=== Material for this task ===
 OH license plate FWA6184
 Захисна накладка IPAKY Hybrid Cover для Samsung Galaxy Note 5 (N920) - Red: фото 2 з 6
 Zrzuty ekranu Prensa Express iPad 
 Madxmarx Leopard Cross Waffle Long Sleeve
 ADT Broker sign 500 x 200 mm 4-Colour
===
=== Material for this task ===
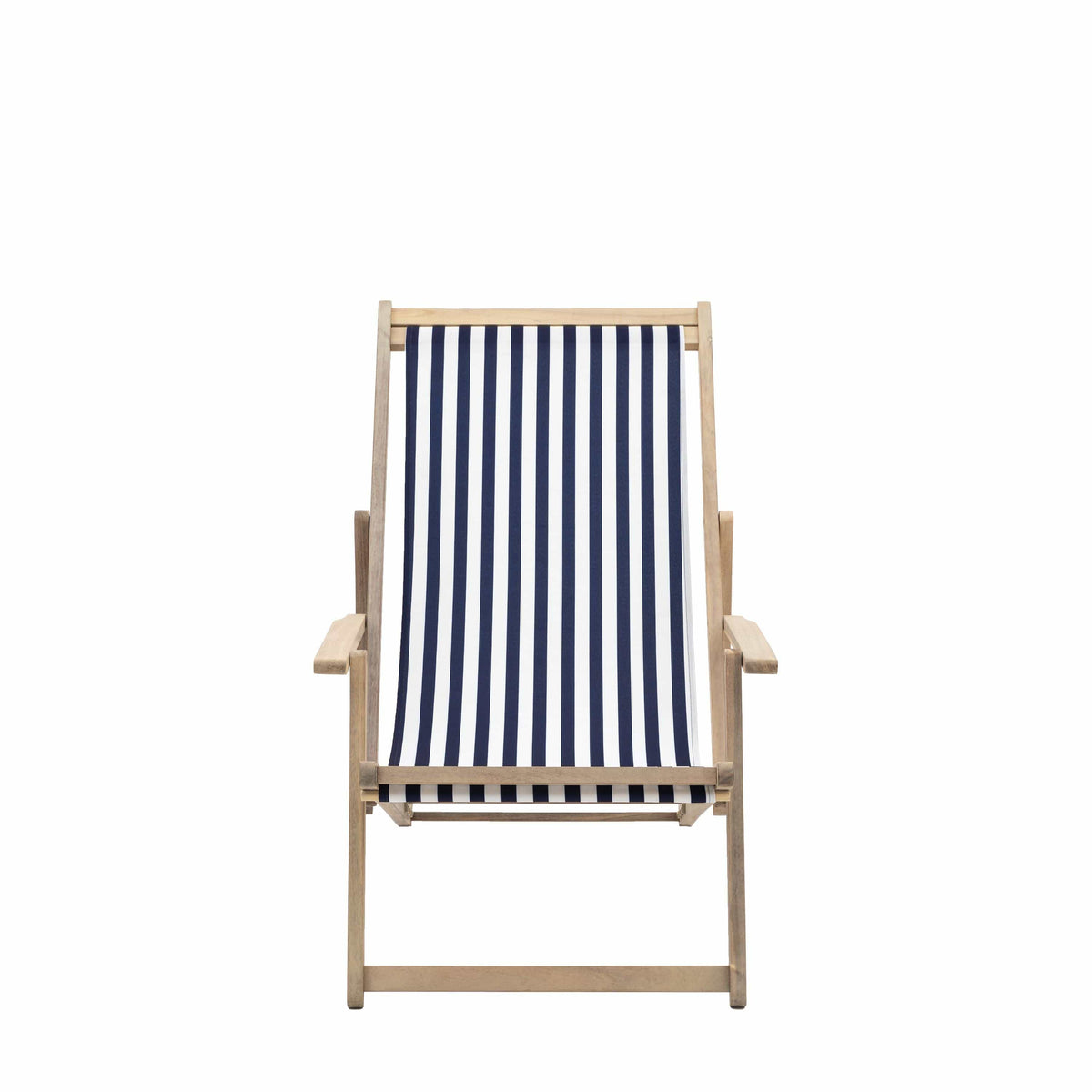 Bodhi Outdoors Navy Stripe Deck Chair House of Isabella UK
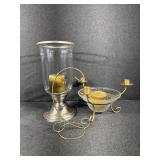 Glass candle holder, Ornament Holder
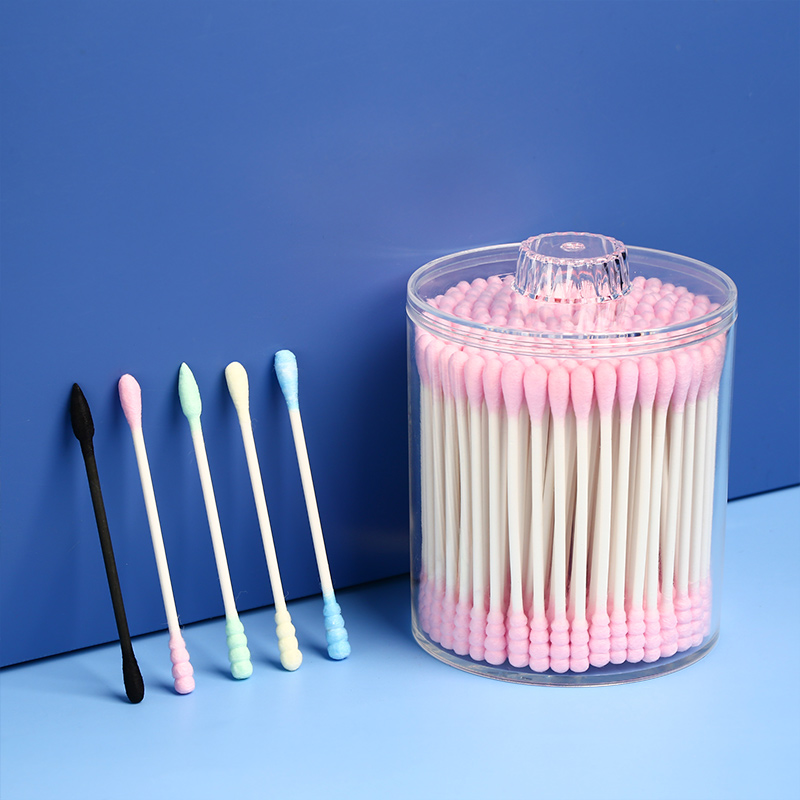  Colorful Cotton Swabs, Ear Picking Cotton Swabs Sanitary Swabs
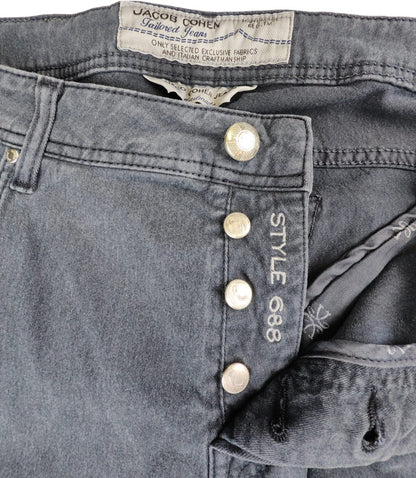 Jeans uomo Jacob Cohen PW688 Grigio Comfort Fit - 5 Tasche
===
**Task objective**
Take exactly the lines from the one containing "OH license plate FWA6184" through the one containing "ADT Broker sign 500 x 200 mm 4-Colour" in the data above, and output them with nothing added.

**Answer to the problem**
 OH license plate FWA6184
 Захисна накладка IPAKY Hybrid Cover для Samsung Galaxy Note 5 (N920) - Red: фото 2 з 6
 Zrzuty ekranu Prensa Express iPad 
 Madxmarx Leopard Cross Waffle Long Sleeve
 ADT Broker sign 500 x 200 mm 4-Colour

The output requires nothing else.